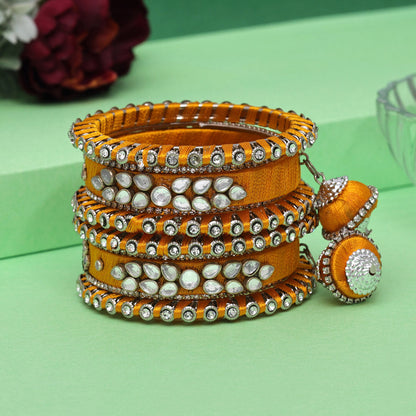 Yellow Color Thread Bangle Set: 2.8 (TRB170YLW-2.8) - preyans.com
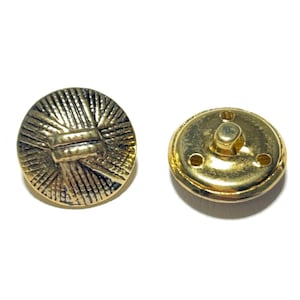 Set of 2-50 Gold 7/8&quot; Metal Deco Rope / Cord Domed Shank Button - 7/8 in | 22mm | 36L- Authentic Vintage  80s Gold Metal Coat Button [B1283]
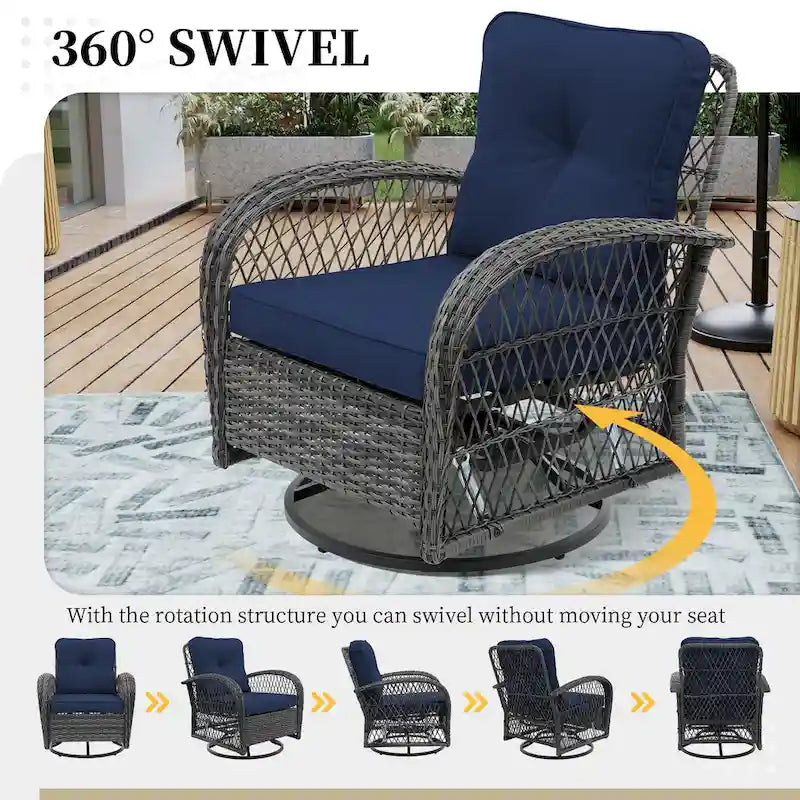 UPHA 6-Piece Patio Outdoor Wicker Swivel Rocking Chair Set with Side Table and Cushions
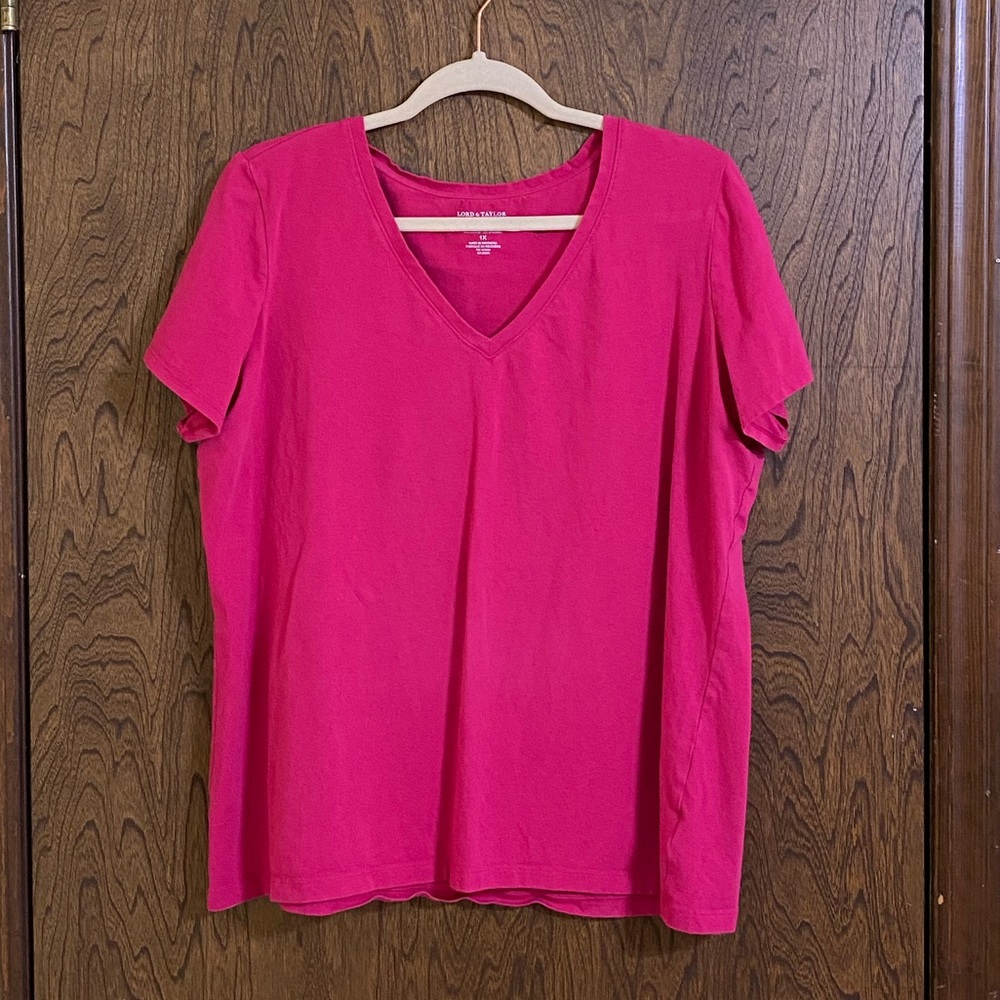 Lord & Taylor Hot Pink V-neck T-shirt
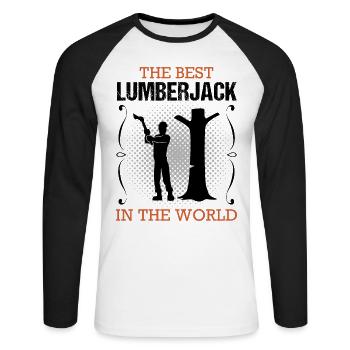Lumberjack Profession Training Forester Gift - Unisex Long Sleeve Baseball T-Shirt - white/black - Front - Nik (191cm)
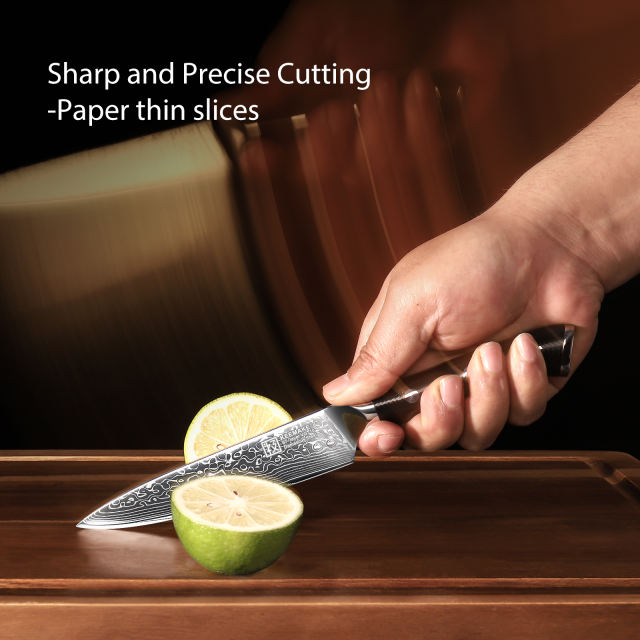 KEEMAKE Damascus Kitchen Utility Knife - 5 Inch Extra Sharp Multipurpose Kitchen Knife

****

Look back at the data above, then output exactly the lines from the line holding "Set of 2-50" up to and including the line holding "Lumberjack Profession Training". Leave out the pictures.

=== Response area ===
 Set of 2-50 Gold 7/8&quot; Metal Deco Rope / Cord Domed Shank Button - 7/8 in | 22mm | 36L- Authentic Vintage  80s Gold Metal Coat Button [B1283]
 UPHA 6-Piece Patio Outdoor Wicker Swivel Rocking Chair Set with Side Table and Cushions
 Lord & Taylor Hot Pink V-neck T-shirt
Lumberjack Profession Training Forester Gift - Unisex Long Sleeve Baseball T-Shirt - white/black - Front - Nik (191cm)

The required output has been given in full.